Compute summary statistics for groups of rows within a table

The rows in your data frame can be divided into several groups. You want to compute the same summary statistics for each group.

Step 1 - Pass your data frame to dplyr::group_by() to define your groups. group_by() will create a separate group for each unique combination of values in the variables you list in group_by().

data %>% 
  group_by(col_group)

Step 2 - Call dplyr::summarize() with a name for your summary statistic. summarize() will create a new data frame with a new column for each statistic calculated.

data %>% 
  group_by(col_group) %>% 
  summarize(avg_col1)

Step 3 - Provide an R expression that will compute the values of your summary statistic. Set it equal to the name you have chosen. summarize() will compute one value per group.

data %>% 
  group_by(col_group) %>% 
  summarize(avg_col1 = mean(col_1))

Step 4 - Repeat for each summary statistic to compute. summarize() will return a table with one column per statistic and one row per group. summarize() will use your names as the column names, and the output of your R expressions as the column values.

data %>% 
  group_by(col_group) %>% 
  summarize(
    avg_col1 = mean(col_1),
    sd_col1 = sd(col_1),
    avg_col2 = mean(col_2),
    sd_col2 = sd(col_2)
)

Summary functions

summarize() is designed to work with functions that take a vector of values and return a single value.

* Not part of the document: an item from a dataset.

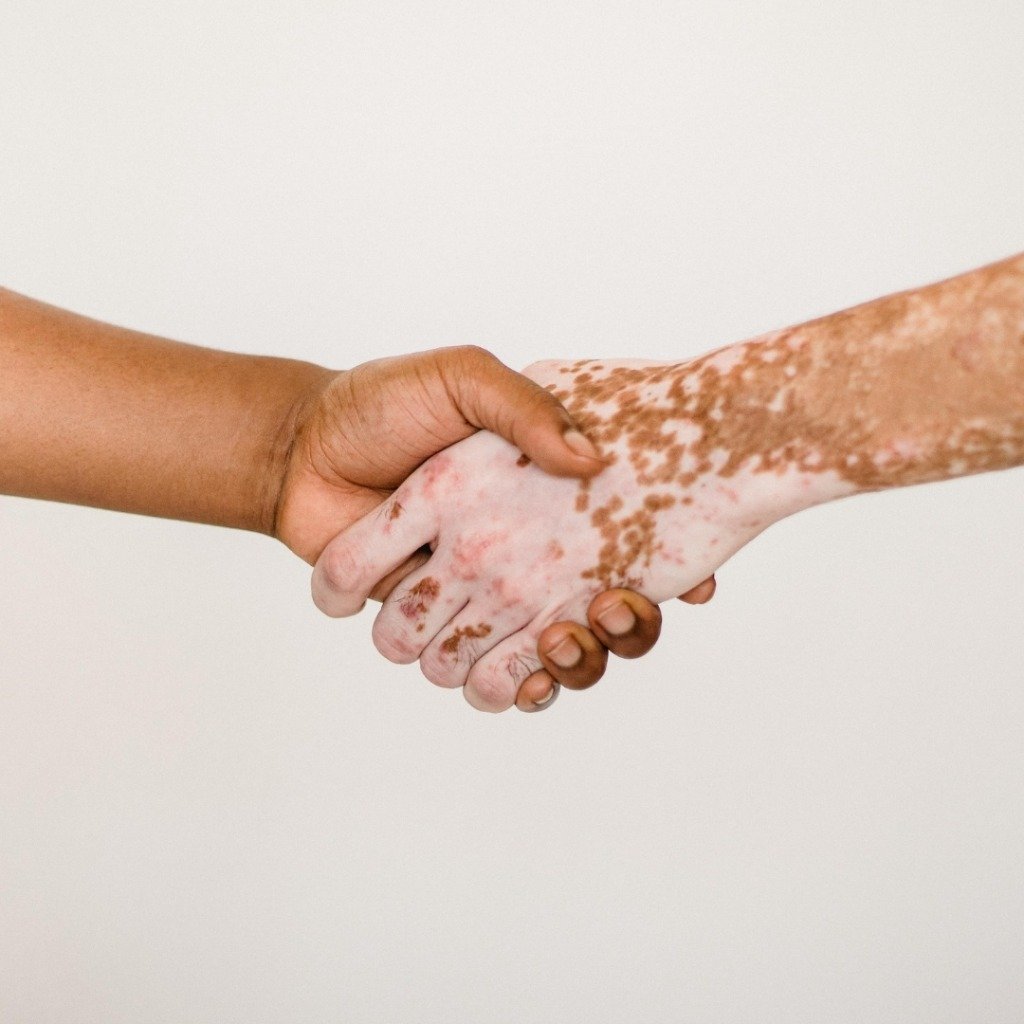 Vitiligo & Leukoderma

Here are some useful candidates:

Function Returns
first() first value of a vector
last() last value of a vector
nth() nth value of a vector
n() number of values in a vector
n_distinct() number of distinct values in a vector
min() minimum value in a vector
max() maximum value in a vector
quantile() quantiles of a vector corresponding to given probabilities
mean() mean value of a vector
median() median value of a vector
var() variance of a vector
sd() standard deviation of a vector
IQR() interquartile range of a vector

Example

sleep describes the sleep habits of 6156 individuals. The column told_doctor indicates if the individual ever told a doctor they have trouble sleeping.

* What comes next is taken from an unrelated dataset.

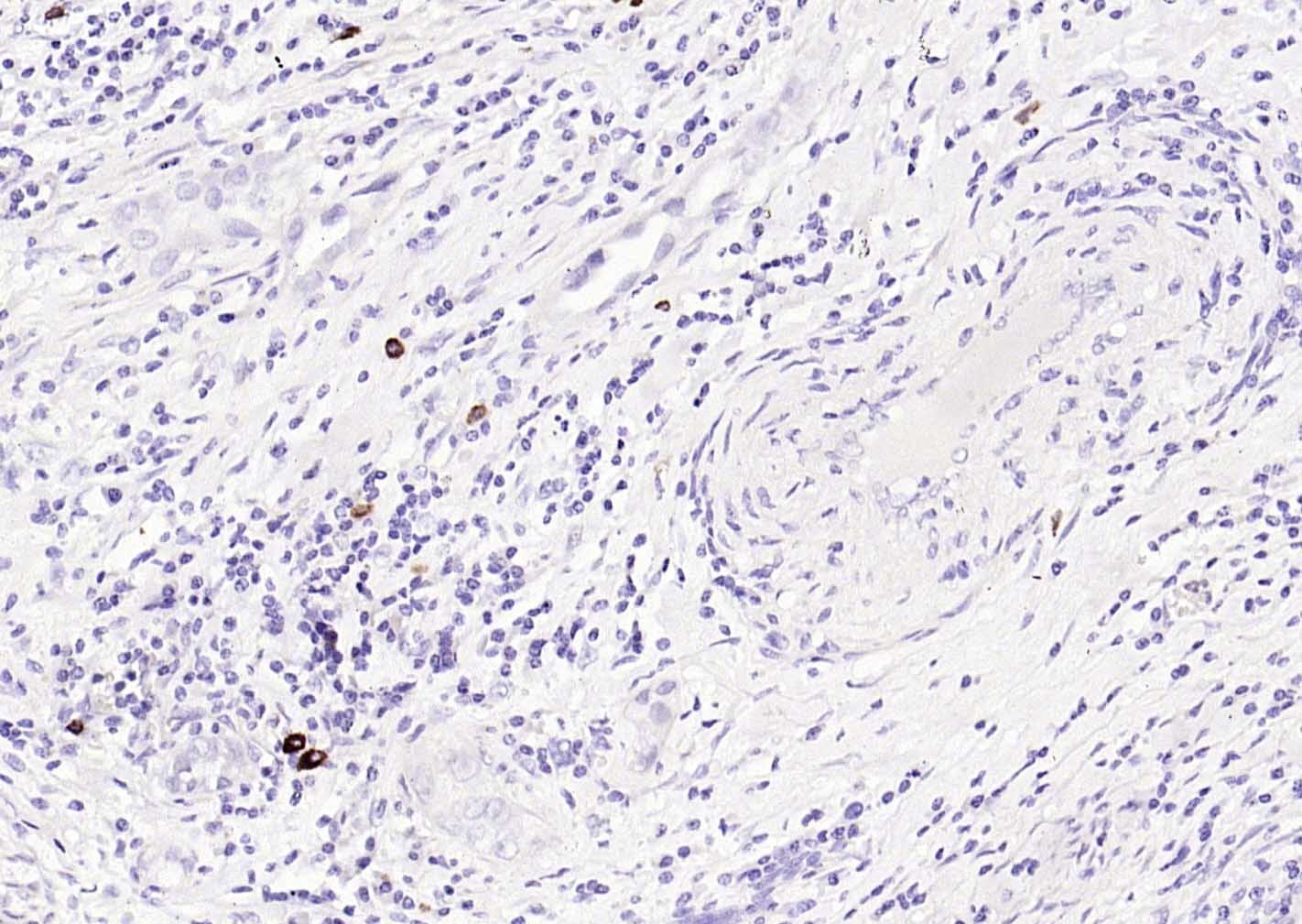Anti-HPV16 E6 Polyclonal Antibody 2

For each group in told_doctor, we want to calculate the average of:

  • sleep_length_workday - the typical number of hours slept on a weekdays, and
  • sleep_length_weekend - the typical number of hours slept on a weekend

To begin, we first load the dplyr package which contains summarize().

library(dplyr)

Now we group sleep by told_doctor and pass this to summarize() with a set of column names and functions to compute the average workday and weekend sleep.

sleep %>% 
  group_by(told_doctor) %>% 
  summarize(
    avg_sleep_wk = mean(sleep_length_workday, na.rm = TRUE),
    avg_sleep_wknd = mean(sleep_length_weekend, na.rm = TRUE)
  )
# A tibble: 2 × 3
  told_doctor avg_sleep_wk avg_sleep_wknd
  <lgl>              <dbl>          <dbl>
1 FALSE               7.69           8.48
2 TRUE                7.56           8.10

From the output, we can see the average amount slept on weekends and weekdays for both groups in told_doctor.

Summary statistics by group in SAS

Grouped summary statistics are obtained in SAS using the MEANS procedure with the CLASS and VAR statements.

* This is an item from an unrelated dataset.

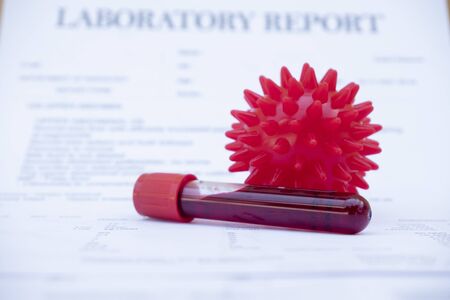 samples of blood tests to diagnose coronary virus infections analysis and sampling of infectious...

PROC MEANS DATA = dataset MEAN STDDEV MAX;
  CLASS col_group;
  VAR col_1 col_2;
RUN;

or, if saving the summary statistics to a new dataset,

PROC MEANS DATA = dataset;
  CLASS col_group;
  VAR col_1 col_2;
  OUTPUT OUT = data_summary
    MEAN(col_1 col_2) = avg_col1 avg_col2
    STDDEV(col_1 col_2) = sd_col1 sd_col2
    MAX(col_1 col_2) = max_col1 max_col2;
RUN;

In R:

dataset %>% 
  group_by(col_group) %>% 
  summarize(
    avg_col1 = mean(col_1),
    sd_col1 = sd(col_1),
    max_col1 = max(col_1),
    avg_col2 = mean(col_2),
    sd_col2 = sd(col_2),
    max_col2 = max(col_2)
  )